As our journey through network automation grows, so does the need for our network tools. Network Engineers have always been considered the absolute escalation point for any performance difficulties and problems, irrespective whether the root cause is really the network, server, or application. Network Engineers are expected to have the knowledge and tools to isolate and identify the issue, collaborating with other teams such as SRE / AppDev to bring it to resolution and often present this in an RCA (root cause analysis).

One of these great tools which can really help is telemetry.  In software, telemetry is used to gather data on the use and performance of applications and application components, e.g. how often certain features are used, measurements of start-up time and processing time, hardware, application crashes, and general usage statistics and/or user behavior.

In our network, the demands for data on network state — whether to detect hot spots in the network, or aid decision making on workload placement — requires data at a cadence that traditional methods just can not deliver. SNMP, CLI, and Syslog have limitations that restrict automation and scale.
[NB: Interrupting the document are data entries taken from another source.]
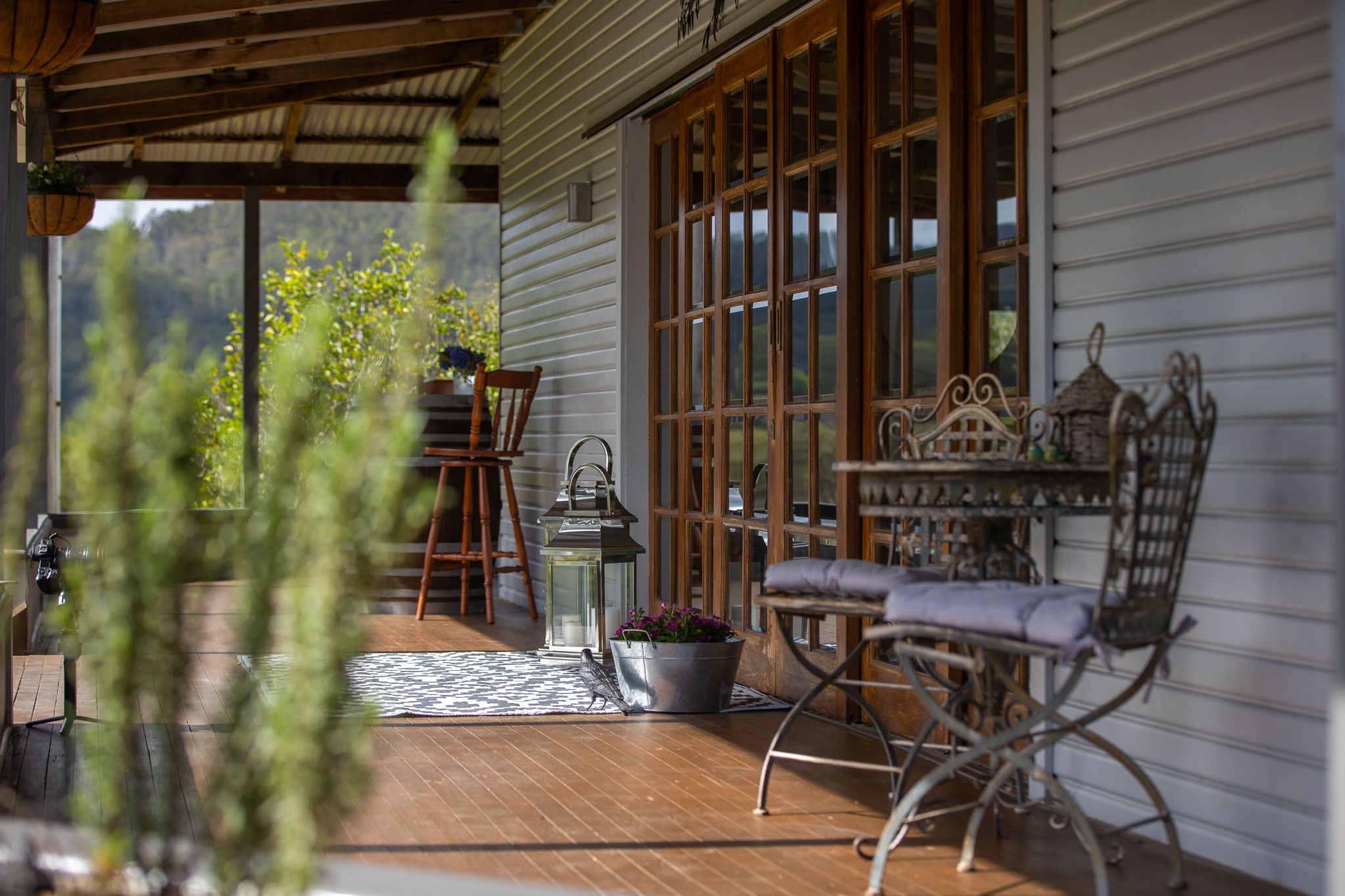 49 Maddens Lane, Wards River VIA — photo 7 of 30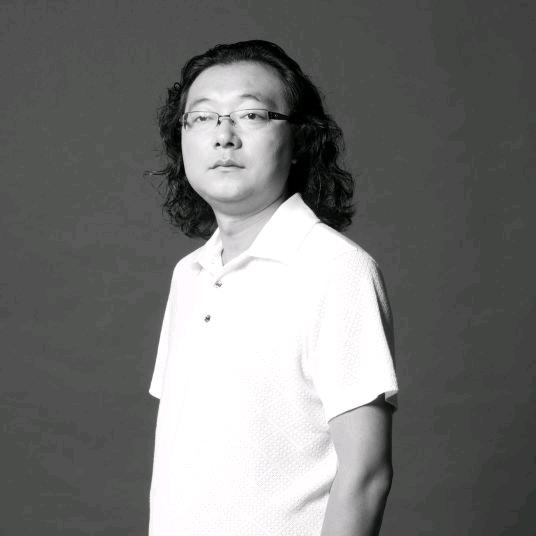 魏向陽设计总监[九禾盛设计]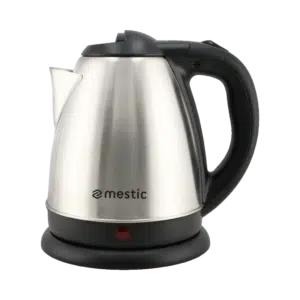 Mestic waterkoker RVS MWC-150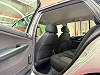 Skoda Fabia Fabia SW 1.4 TDi AIRCO thumbnail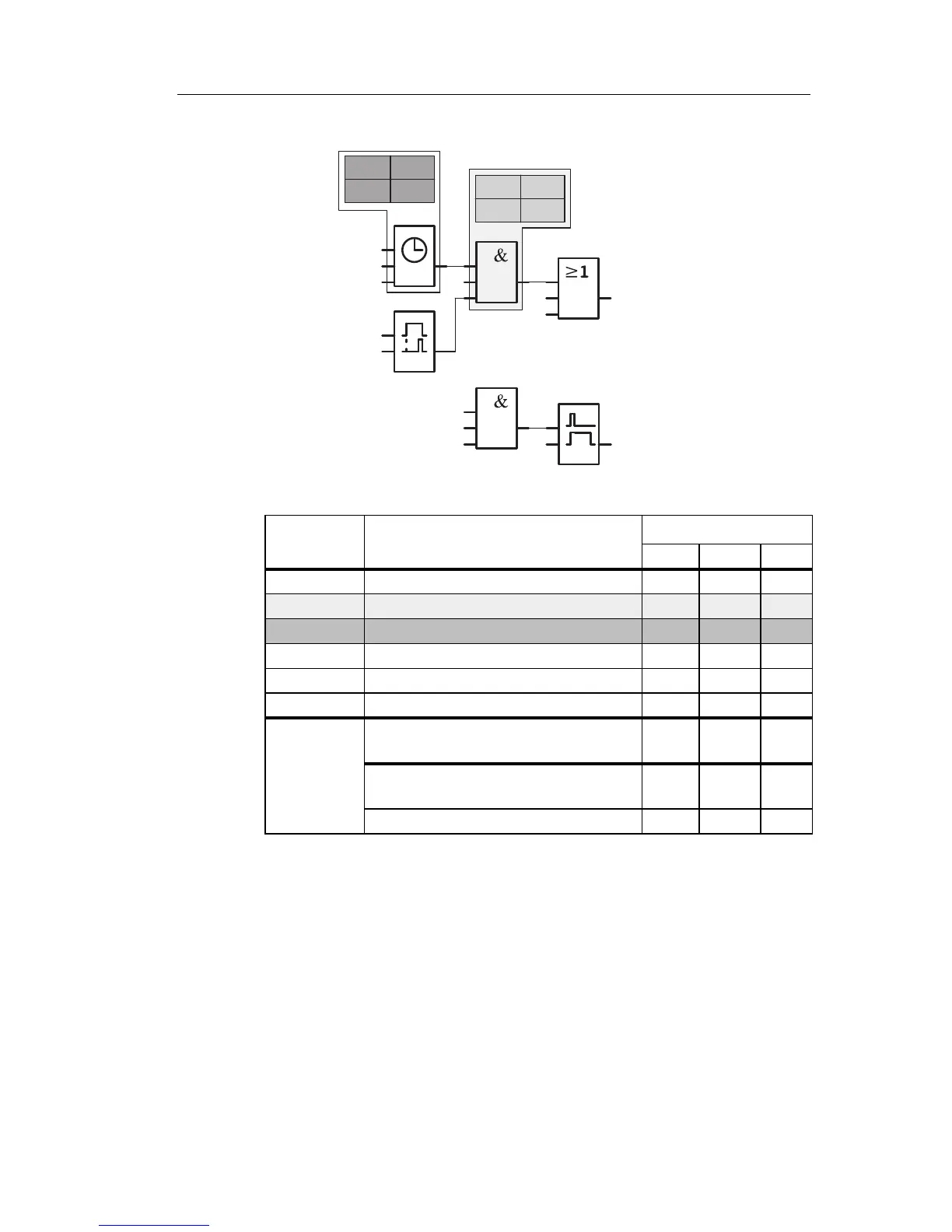 Page #121 background image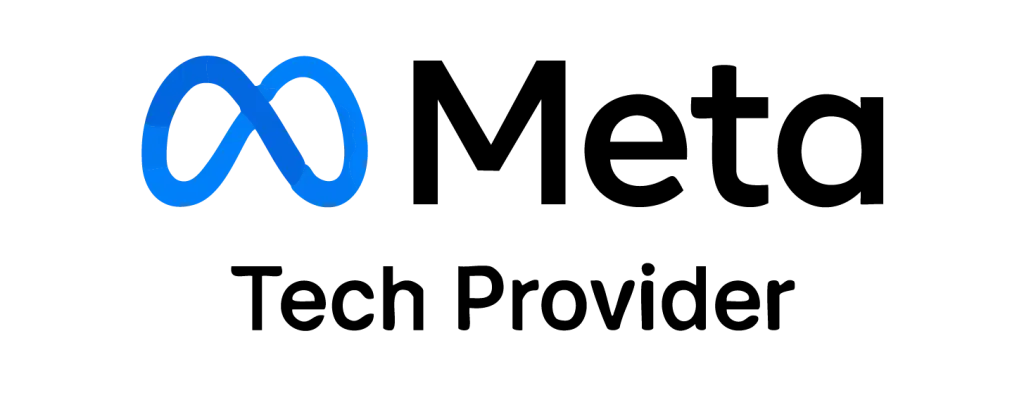Meta Tech Provider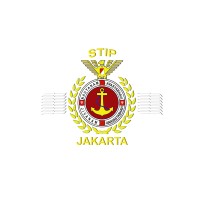 SEKOLAH TINGGI ILMU PELAYARAN (STIP)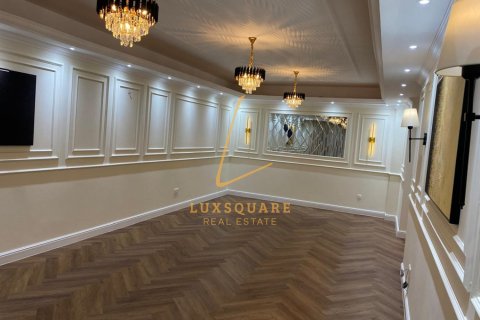 Appartement à Al Furjan, Dubai, 3 chambres, 173 m², № 112943 - photo 2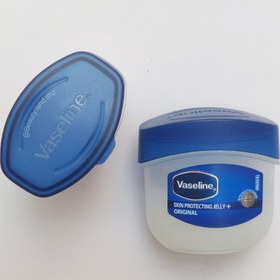 تصویر بالم لب مینی ۵.۵ گرم 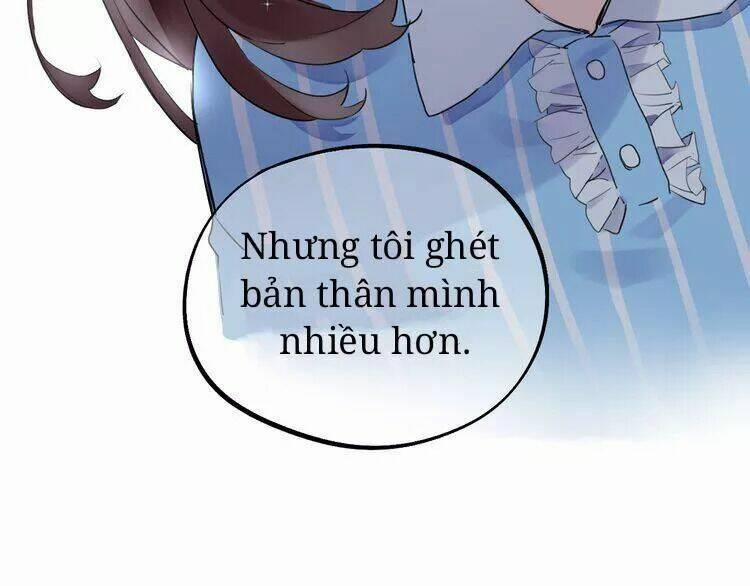 Sos! Tôi Đã Yêu Một Con Sâu Bướm 13 trang 66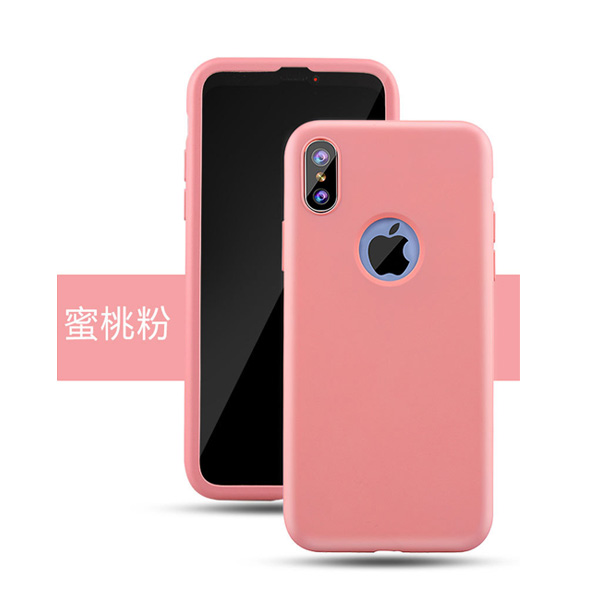 怎么去判斷硅膠制品的好壞？質(zhì)量好的硅膠產(chǎn)品有什么特征呢？
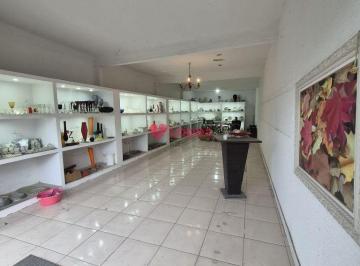 Comercial · 320m² · Alugo 2 excelentes lojas comerciais - Taquara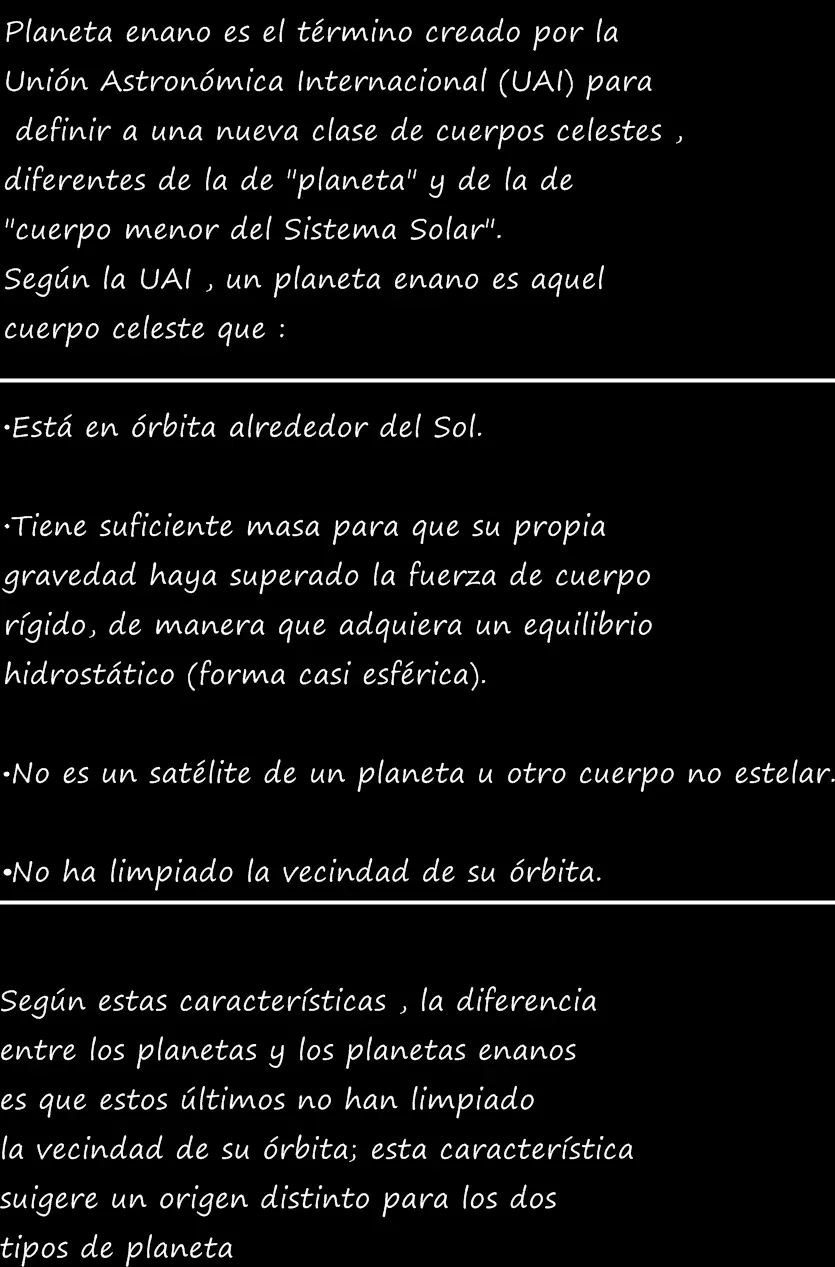 Sistema Solar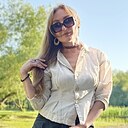 Знакомства: Олюша, 44 года, Бобруйск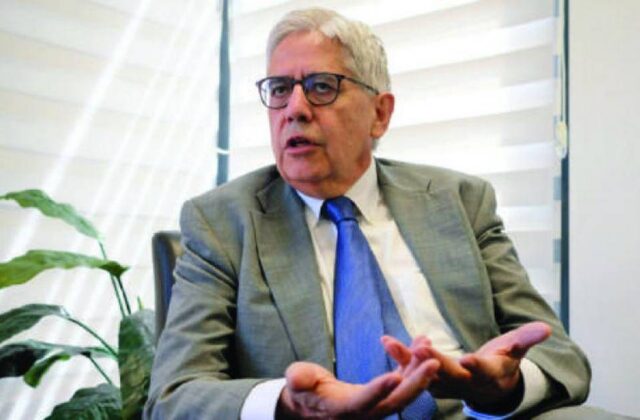 EEUU emite advertencias al MAS y Chapare con retiro de visas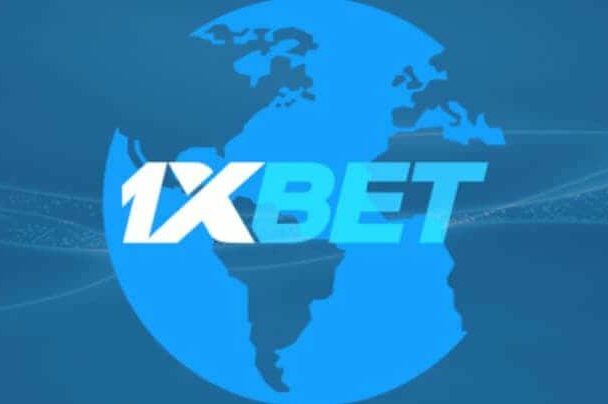 Exploring the Thrills of Online Sportsbook Betting Made Simple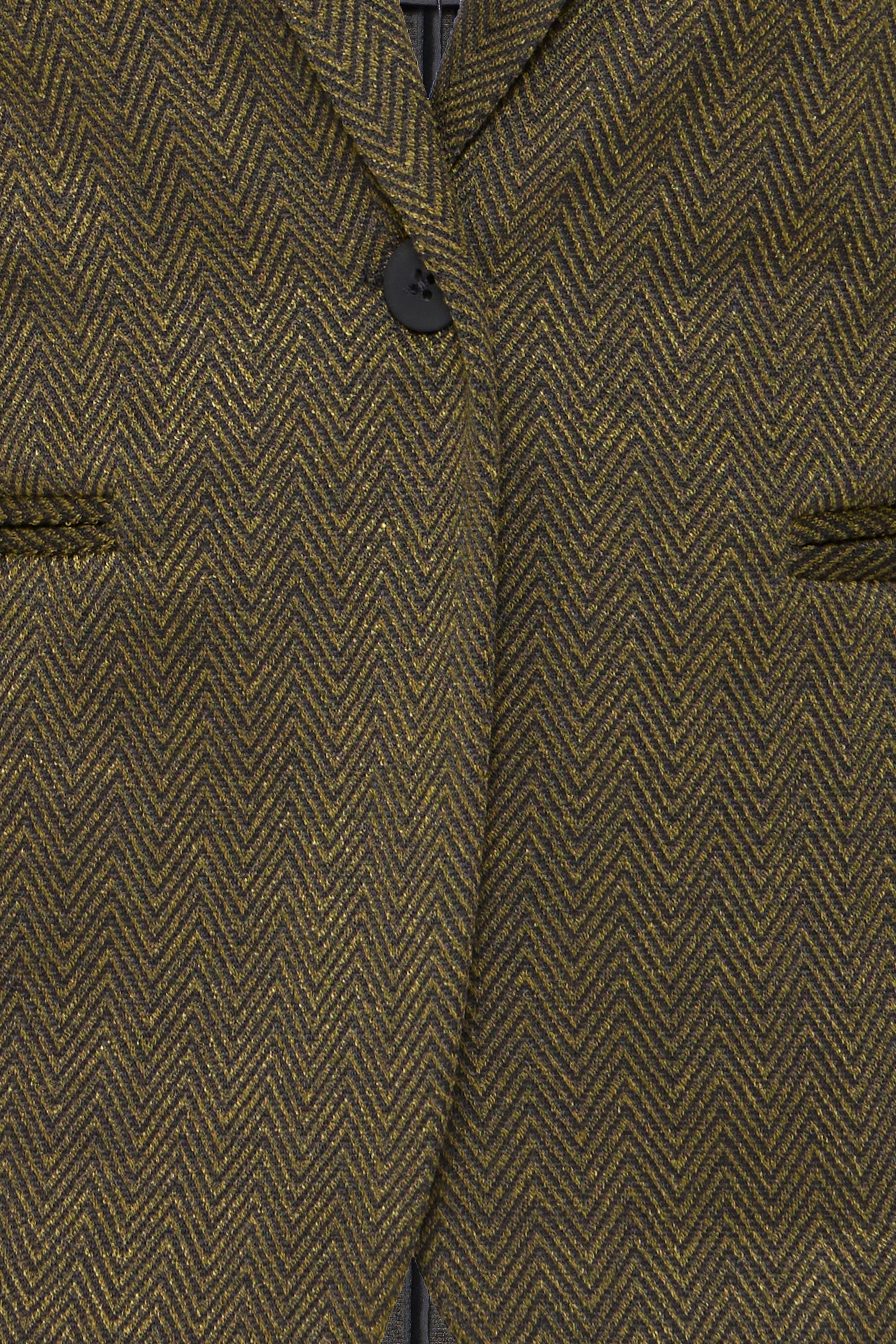 IHKATE Blazer PACK DETAIL 20121600-203618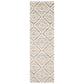 Oriental Weavers 535B1 CAPISTRANO Casual Indoor Area Rug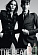 Burberry Burberry The Beat for Men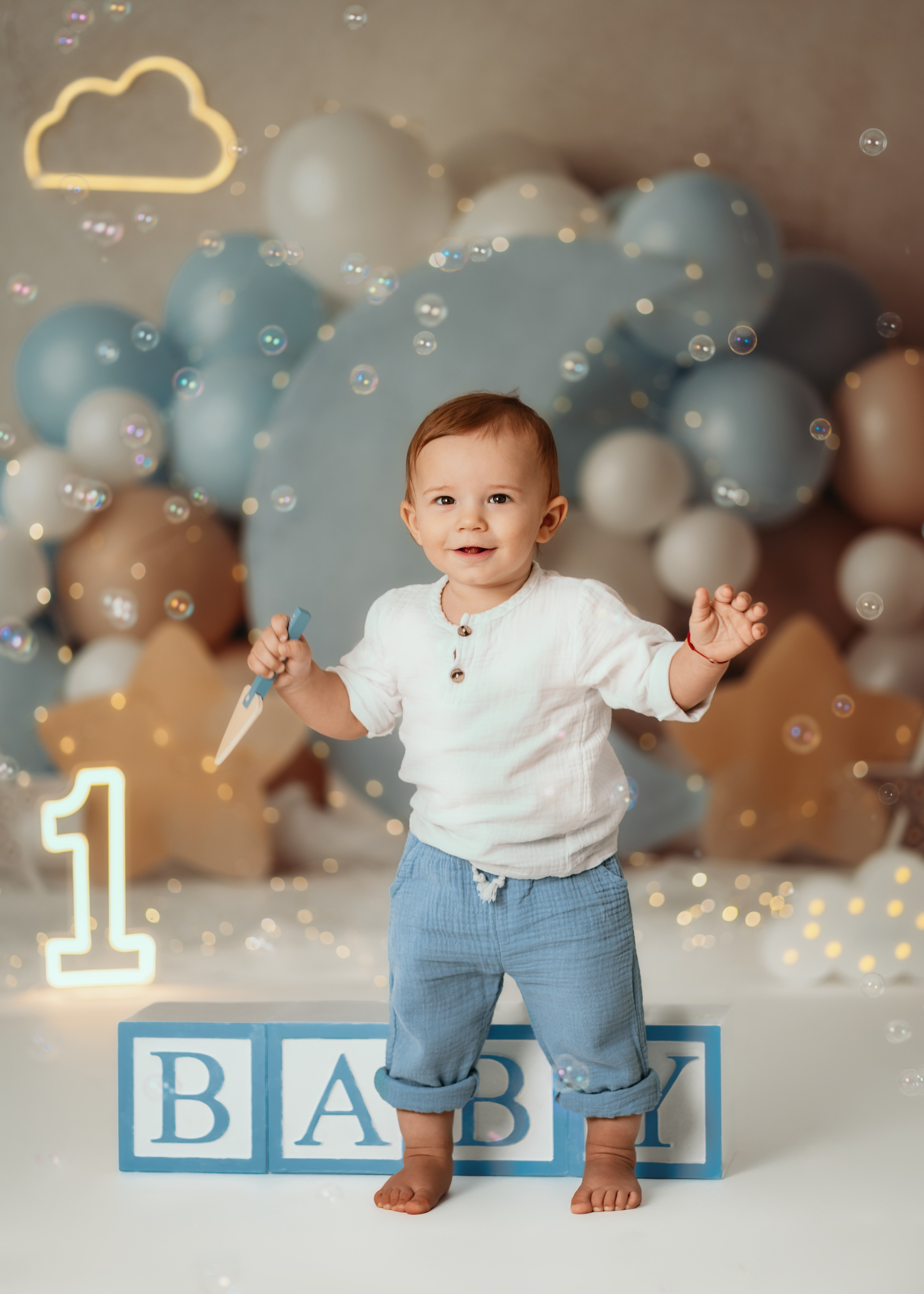 DEČIJI FOTOGRAF BEOGRAD|NOVOGODISNJE FOTOGRAFISANJE|CAKE SMASH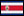 Octane Booster (NMA) Manufacturer, Exporter, Supplier, Distributor & Producer in Costa Rica State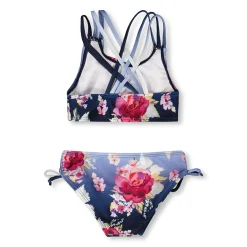 Roses Bikini 7-12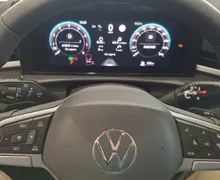 Zunanja slika - VW T-Roc - 1.5 eTSI Life DSG - 7 - Predogledna slika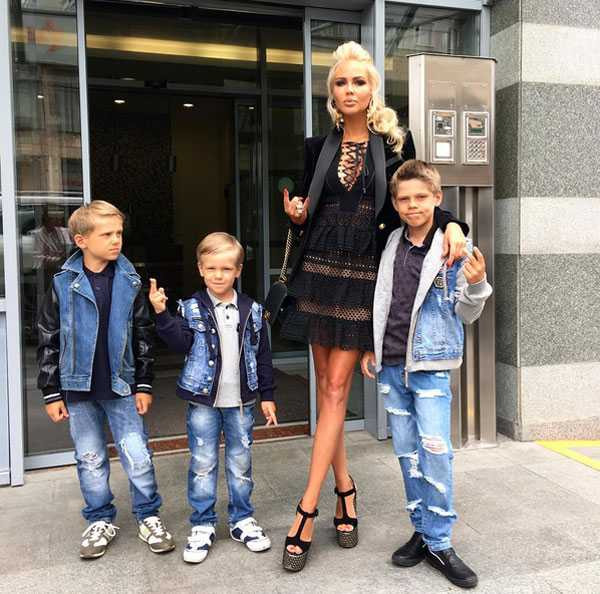 Pogrebnyak-Shatalova-4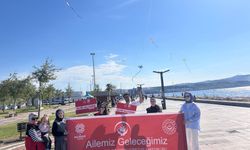 Bakanlık 'aile' için sahada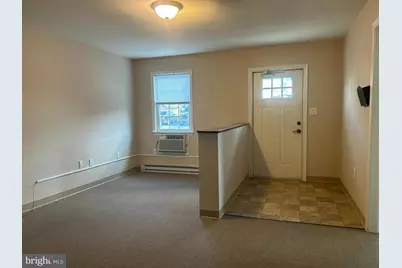 60 W Church Street #C, Denver, PA 17517 - Photo 3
SNMP polling can often be in the order of 5-10 minutes, CLIs are unstructured and prone to change, which can often break scripts.

The traditional use of the pull model – where the client requests data from the network – does not scale when what you want is near real-time data. Moreover, in some use cases, there is the need to be notified only when some data changes, like interfaces status, protocol neighbors change etc.

Real-time access to operational statistics

Model-driven telemetry is a new approach for network monitoring in which data is streamed from network devices continuously using a push model and provides near real-time access to operational statistics. Applications can subscribe to specific data items they need, by using standard-based YANG data models over NETCONF-YANG. Cisco IOS XE streaming telemetry allows to push data off of the device to an external collector at a much higher frequency, more efficiently, as well as data on-change streaming.

 

We want more data, when do we want it? Now!

Listening to our community they asked for more model-driven telemetry content, as chance would have this I was working with Jeremy Cohoe (he wrote this awesome blog Getting Started With Model-Driven Telemetry). His blog formed the boilerplate for how the new learning lab and the new sandbox was built.

In the new Learning Lab Module, there are four new labs:

1.  Introduction to Telemetry on IOS XE

Here you can learn about Telemetry Options, Publications Types, Data Encoding and TIG Software Stack. The TIG software stack refers to the three open-source software components that enable receiving, storing, and visualization the telemetry data.

  • Telegraf (Collection) with the cisco_telemetry_mdt plugin that decodes the gRPC data to text
  • InfluxDB (Storage): an open-source time-series database optimized for fast, high-availability storage and retrieval of time series data in fields such as operations monitoring, application metrics, Internet of Things sensor data, and real-time analytics. It provides a SQL-like language with built-in time functions for querying a data structure composed of measurements, series, and points
  • Grafana (GUI visualization): an open-source platform to build monitoring and analytics dash
2.  Enabling Telemetry On IOS XE
This learning labs begin your hand on a section with an overview of the open-source tooling and its configuration required to receive the telemetry information. We set up Cisco IOS XE MDT Configuration and begin receiving data with Telegraf and look at the storage in InfluxDB.
3.  Yang Explorer

The YANG data models are found within the IOS XE operating system and can be exported easily from the NETCONF interface with tooling like YANG Explorer. Yang Explorer is an open-source web application which provides a web-based user interface to

  • Browse yang data models
  • Create netconf rpc payload
  • Execute netconf RPCs
  • Save RPCs to collections

4.  Building Grafana with increase Telemetry

We look how to verify and validate the existing configuration within Grafana, as well as how to add an additional telemetry subscription on IOS XE The reason for using Grafana is that it is an open-source metric analytics & visualization suite. It is most commonly used for visualizing time series data for infrastructure and application analytics but many use it in other domains including industrial sensors, home automation, weather, and process control. Here, Grafana is the visualization engine that is used to display the telemetry data. It calls into InfluxDB to access the data that is stored there, which is the same data that Telegraf received from IOS XE.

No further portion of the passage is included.